2月2日、松元ヒロと立川志らくの2人会に行った。事前に読んだ志らくの『立川志らくまくらコレクション』(竹書房文庫)に、こんな一節があった。やしきたかじんが亡くなった時のことである。

灰皿をぶつけた、やしきたかじん

「たかじんさんは、談志とは全くダメでしたね。『たかじんのバー』って言う番組に談志がゲストで呼ばれて、バーカウンターでお酒を飲みながらトークする番組なんです。で、談志がお酒が入って酔っ払って、『(談志の口調)んんん、……下品な番組だね』って、こう言ったら、たかじんさんが怒って、『なにをこらぁ!やるのか!?』って、灰皿を談志にぶつけたという(笑)。で、ウチの師匠は怒って帰っちゃったというね(笑)。

 その話を聞いたとき、まあ、おそらく立川談志に灰皿ぶつけて盾突くと、これはもの凄い伝説になるという、そういった計算の元でやったンでしょうけども、やっぱり先輩に対する尊敬の念みたいなものが無いなぁと、そのときは凄く嫌な話だなぁと思いました」

 私も一度、たかじんの「そこまで言って委員会」という番組に出て厭な思いをしたので、談志の「下品だ」という批判はよくわかる。

 たかじんは橋下徹や安倍晋三の強烈な支援者として知られるが、自民党から参議院議員に出た時も、談志はハト派の宏池会だった。
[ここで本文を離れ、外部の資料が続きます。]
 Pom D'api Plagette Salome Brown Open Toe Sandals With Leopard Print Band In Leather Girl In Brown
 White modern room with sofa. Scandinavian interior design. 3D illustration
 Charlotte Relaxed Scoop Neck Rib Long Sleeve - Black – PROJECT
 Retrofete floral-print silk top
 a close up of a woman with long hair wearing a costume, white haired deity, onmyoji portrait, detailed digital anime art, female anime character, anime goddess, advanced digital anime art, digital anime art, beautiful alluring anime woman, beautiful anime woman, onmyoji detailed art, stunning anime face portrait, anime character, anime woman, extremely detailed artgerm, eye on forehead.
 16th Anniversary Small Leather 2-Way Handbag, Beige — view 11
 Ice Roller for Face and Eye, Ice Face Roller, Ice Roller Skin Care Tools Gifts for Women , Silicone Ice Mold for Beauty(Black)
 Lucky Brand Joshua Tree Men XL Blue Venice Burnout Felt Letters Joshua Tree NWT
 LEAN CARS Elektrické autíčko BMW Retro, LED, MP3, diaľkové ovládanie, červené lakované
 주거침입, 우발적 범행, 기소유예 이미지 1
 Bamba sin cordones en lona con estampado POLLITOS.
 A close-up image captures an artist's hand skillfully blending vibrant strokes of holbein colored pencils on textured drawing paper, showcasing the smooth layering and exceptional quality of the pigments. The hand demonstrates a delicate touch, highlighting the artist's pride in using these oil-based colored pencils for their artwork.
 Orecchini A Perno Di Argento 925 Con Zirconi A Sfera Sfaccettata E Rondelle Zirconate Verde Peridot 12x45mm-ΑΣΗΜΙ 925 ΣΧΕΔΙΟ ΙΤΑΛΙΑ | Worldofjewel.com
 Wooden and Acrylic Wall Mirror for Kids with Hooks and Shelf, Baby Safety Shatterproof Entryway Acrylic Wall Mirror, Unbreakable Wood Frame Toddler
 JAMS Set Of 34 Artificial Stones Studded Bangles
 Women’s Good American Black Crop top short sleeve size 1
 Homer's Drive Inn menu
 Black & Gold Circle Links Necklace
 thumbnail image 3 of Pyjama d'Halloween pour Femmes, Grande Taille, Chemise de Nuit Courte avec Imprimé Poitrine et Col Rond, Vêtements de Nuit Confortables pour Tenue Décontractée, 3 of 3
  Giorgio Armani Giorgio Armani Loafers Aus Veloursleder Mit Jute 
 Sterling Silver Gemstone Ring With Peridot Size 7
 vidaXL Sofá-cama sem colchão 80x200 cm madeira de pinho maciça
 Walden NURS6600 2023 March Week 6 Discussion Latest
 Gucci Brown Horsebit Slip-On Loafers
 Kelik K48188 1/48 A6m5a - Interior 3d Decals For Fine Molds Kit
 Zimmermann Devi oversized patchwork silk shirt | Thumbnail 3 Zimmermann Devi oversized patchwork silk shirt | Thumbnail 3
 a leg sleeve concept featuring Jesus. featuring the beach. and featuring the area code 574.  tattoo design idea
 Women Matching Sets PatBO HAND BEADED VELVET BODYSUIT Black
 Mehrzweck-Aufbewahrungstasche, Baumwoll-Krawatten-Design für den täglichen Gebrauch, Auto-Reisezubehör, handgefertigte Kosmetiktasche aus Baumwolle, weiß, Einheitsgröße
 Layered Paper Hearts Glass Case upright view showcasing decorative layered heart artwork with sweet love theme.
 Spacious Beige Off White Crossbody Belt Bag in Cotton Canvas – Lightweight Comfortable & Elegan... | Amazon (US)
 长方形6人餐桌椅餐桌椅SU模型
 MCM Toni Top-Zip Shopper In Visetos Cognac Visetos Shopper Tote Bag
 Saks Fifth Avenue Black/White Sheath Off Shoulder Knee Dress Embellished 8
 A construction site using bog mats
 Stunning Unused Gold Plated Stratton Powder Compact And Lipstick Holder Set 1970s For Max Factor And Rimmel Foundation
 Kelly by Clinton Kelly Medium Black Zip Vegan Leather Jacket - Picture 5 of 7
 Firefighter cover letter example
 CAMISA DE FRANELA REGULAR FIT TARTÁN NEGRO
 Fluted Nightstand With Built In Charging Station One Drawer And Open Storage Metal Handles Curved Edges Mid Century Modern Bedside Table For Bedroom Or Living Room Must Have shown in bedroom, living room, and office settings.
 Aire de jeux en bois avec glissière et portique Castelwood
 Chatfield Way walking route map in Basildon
小泉純一郎や安倍の清和会(タカ派)とは肌合いが違うのである。

 談志は石原慎太郎とも親しかったが、考え方まで近かったわけではない。

本人以上にうけてウインク

 談志が高く評価したお笑いの松元ヒロと関わって、こんなエピソードがある。

 談志のいる立川流一門会で、ヒロが慎太郎ネタをやったのである。

「石原慎太郎さん、みなさん知っていますよね。談志師匠の大親友です。あの人ってけっこう差別的な発言をしますよね。中国は嫌いだから『シナ』、北朝鮮は『北』としかいつも言わない。女性にもひどいこと言いましたね。『ババアは有害だ』とか言いました。